11. The carburetor according to claim 5, wherein the throttle valve is slidably connected to the main body and provided with a first guiding surface, the first guiding surface and an axial direction of an air intake channel have an included angle therebetween, a radial dimension of the first guiding surface decreases gradually in an air intake direction of the air intake channel, and the throttle valve slides relative to the main body, so as to adjust a windward area of the first guiding surface at the air intake channel.

12. The carburetor according to claim 5, further comprising an extension tube and a packaging assembly, wherein one end of the extension tube is connected to the main body and the extension tube spatially communicates with the float chamber, another end of the extension tube is connected to the packaging assembly, and the packaging assembly is switched between a closed state and an open state; wherein, when the packaging assembly is in the closed state, a fuel in the float chamber is not able to flow to outside, and when the packaging assembly is in the open state, the fuel in the float chamber flows to outside through the extension tube and the packaging assembly.

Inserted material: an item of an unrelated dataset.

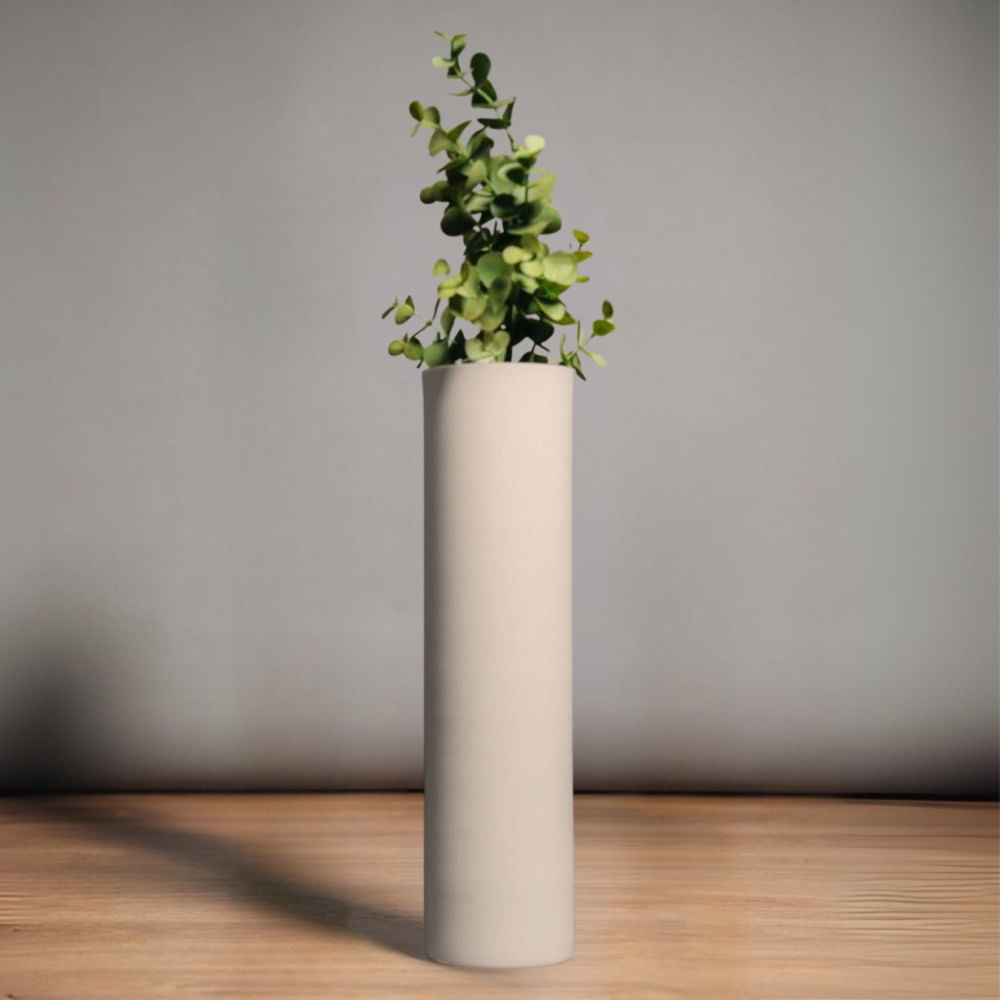 Matera cilíndrica de 10 x 40cm taupe mate Cil-10-Tau-1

13. The carburetor according to claim 5, further comprising a control member, wherein the control member is threadedly engaged to the main body and rotates relative to the main body to adjust a circulation space between the fuel outlet channel and the float chamber.

14. The carburetor according to claim 13, wherein one end of the control member adjacent to the fuel outlet channel is provided with a flow limiting portion and another end of the control member is provided with an insertion slot; an external tool is configured to be inserted into the insertion slot by a user to drive the control member to rotate so that the flow limiting portion moves back and forth in the fuel outlet channel, so as to adjust a circulation space between the fuel outlet channel and the float chamber.

15. The carburetor according to claim 13, wherein the flow limiting portion is conical, a longitudinal section of the flow limiting portion is circular, and the longitudinal section is a plane perpendicular to a central axis of the flow limiting portion.

16. The carburetor according to claim 13, wherein the flow limiting portion is a cylinder with an oblique notch.

17. The carburetor according to claim 13, wherein a part of the main body adjacent to the fuel outlet channel is provided with a mounting channel, the control member is threadedly engaged to the mounting channel and sleeved with a sealing ring, and an outer wall of the sealing ring abuts against an inner wall of the mounting channel, so that the control member is not easily disengaged from the mounting channel.

18. The carburetor according to claim 14, wherein the control member includes a first adjustment member, a second adjustment member, and a third adjustment member; the first adjustment member includes a first end portion and a second end portion that are opposite to each other, the first end portion is provided with the flow limiting portion, and the second end portion is detachably connected to the third adjustment member; wherein an outer surface of the second adjustment member is provided with a first external thread, the second adjustment member has a through hole, and the through hole correspondingly and spatially communicates with two ends of the second adjustment member that are opposite to each other; wherein the third adjustment member has a third end portion and a fourth end portion that are opposite to each other, the third end portion is connected to an end of the second adjustment member adjacent to the third adjustment member through a mortise and tenon structure, and a first return member is sleeved on the first adjustment member.

19. The carburetor according to claim 18, wherein a first mounting seat and a second mounting seat are respectively provided on a tail end of the flow limiting portion and an inner wall of the through hole, and two ends of the first return member respectively act on the first mounting seat and the second mounting seat.

20. The carburetor according to claim 18, wherein the control member further includes a second return member sleeved on an outer surface of the second adjustment member.